Exercise goal:
Would you return the lines from the one that contains "Insulated Beverage Dispenser" to the last line of the entries below, exactly and with nothing added?

(Web page caption snippets)
+ + + +
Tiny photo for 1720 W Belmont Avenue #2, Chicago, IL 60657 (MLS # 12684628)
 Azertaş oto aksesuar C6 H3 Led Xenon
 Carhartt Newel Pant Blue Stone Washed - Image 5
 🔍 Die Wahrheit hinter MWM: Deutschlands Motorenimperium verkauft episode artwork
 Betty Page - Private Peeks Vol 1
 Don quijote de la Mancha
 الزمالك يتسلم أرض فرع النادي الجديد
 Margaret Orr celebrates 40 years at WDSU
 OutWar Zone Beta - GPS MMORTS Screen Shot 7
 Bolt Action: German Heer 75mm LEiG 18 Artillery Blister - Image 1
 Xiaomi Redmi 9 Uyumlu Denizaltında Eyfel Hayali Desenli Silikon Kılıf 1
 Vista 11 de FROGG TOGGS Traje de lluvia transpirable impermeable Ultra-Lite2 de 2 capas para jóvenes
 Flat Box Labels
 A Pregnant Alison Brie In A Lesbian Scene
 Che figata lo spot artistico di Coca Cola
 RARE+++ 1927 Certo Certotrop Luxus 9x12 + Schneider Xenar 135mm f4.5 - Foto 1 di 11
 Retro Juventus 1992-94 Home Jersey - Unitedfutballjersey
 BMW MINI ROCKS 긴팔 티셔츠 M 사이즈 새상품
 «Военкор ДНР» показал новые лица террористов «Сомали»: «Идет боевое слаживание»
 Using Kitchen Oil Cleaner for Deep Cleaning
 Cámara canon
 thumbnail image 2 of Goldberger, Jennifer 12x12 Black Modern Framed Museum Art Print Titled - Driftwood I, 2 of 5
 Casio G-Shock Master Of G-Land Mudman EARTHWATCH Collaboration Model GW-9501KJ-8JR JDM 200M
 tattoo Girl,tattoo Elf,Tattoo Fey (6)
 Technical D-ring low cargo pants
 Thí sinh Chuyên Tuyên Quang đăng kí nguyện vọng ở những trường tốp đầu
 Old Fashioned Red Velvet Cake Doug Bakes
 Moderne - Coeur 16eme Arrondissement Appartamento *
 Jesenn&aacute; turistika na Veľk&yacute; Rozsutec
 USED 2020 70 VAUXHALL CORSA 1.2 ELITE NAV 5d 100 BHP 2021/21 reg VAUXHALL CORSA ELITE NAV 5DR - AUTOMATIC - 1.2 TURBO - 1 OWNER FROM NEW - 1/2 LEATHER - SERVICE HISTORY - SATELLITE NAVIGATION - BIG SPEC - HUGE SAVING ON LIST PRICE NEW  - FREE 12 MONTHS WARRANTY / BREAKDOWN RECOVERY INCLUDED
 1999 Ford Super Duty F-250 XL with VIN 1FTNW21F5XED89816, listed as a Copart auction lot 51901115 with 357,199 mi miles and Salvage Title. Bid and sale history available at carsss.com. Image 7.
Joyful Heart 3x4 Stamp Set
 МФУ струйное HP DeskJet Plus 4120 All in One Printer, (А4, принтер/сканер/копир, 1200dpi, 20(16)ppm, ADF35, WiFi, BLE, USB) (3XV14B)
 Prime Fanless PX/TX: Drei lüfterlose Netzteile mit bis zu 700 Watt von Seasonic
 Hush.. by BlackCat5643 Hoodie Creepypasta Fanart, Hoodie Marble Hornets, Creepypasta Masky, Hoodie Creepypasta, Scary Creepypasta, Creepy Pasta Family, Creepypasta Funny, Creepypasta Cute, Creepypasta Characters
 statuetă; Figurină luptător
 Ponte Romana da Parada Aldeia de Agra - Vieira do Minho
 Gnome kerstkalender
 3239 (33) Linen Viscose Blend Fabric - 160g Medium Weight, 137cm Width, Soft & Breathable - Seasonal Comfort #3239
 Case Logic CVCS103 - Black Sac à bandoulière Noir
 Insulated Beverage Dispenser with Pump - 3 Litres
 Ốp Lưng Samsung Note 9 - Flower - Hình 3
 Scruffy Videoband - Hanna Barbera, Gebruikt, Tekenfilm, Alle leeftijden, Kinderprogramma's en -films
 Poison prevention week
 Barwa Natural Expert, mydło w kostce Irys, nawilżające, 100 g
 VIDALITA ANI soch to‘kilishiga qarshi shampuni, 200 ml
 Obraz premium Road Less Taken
+ + + +
Result of this task:
 Insulated Beverage Dispenser with Pump - 3 Litres
 Ốp Lưng Samsung Note 9 - Flower - Hình 3
 Scruffy Videoband - Hanna Barbera, Gebruikt, Tekenfilm, Alle leeftijden, Kinderprogramma's en -films
 Poison prevention week
 Barwa Natural Expert, mydło w kostce Irys, nawilżające, 100 g
 VIDALITA ANI soch to‘kilishiga qarshi shampuni, 200 ml
 Obraz premium Road Less Taken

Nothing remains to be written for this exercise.